Activity:
Only the lines from the one containing "adidas Originals maternity" through the final line of the entries below are wanted, each copied exactly.

#### Records supplied

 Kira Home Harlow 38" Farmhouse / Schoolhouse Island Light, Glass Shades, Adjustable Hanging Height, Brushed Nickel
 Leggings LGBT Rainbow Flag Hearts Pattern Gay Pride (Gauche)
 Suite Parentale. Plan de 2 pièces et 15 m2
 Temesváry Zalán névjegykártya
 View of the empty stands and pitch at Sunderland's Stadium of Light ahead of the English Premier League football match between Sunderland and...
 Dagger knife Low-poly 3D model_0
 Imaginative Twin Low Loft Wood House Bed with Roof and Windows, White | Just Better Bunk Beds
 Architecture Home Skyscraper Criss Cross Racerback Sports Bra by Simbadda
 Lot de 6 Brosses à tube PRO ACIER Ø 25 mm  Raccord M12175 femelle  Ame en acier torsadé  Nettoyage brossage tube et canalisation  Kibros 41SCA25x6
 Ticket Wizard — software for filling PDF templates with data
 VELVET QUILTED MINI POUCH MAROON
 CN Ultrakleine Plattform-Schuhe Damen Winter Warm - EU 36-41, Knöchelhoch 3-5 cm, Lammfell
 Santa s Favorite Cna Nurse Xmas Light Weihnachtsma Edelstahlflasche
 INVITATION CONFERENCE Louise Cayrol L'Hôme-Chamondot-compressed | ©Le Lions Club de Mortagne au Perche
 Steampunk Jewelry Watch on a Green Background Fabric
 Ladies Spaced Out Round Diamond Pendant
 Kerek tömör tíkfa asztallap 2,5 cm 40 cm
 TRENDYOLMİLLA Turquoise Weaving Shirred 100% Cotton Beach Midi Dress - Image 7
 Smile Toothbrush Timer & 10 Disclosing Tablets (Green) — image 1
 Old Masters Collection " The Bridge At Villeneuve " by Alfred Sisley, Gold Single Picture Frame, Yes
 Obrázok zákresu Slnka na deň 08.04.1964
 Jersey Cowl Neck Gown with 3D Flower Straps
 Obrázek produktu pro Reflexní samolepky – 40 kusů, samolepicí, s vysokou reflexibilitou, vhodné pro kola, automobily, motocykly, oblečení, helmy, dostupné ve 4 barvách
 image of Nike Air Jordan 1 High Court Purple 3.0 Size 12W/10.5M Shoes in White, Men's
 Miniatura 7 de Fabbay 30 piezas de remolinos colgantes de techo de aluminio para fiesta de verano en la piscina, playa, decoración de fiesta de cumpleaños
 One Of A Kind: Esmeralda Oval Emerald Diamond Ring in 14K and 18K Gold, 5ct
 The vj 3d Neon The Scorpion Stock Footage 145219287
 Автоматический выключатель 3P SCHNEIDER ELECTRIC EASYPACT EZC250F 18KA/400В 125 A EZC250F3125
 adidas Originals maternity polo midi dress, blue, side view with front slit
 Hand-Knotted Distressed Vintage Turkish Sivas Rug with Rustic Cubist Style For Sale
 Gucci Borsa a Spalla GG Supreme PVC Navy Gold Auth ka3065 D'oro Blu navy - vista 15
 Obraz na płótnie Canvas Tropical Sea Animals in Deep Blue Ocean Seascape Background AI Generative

########

Answer to this task:
 adidas Originals maternity polo midi dress, blue, side view with front slit
 Hand-Knotted Distressed Vintage Turkish Sivas Rug with Rustic Cubist Style For Sale
 Gucci Borsa a Spalla GG Supreme PVC Navy Gold Auth ka3065 D'oro Blu navy - vista 15
 Obraz na płótnie Canvas Tropical Sea Animals in Deep Blue Ocean Seascape Background AI Generative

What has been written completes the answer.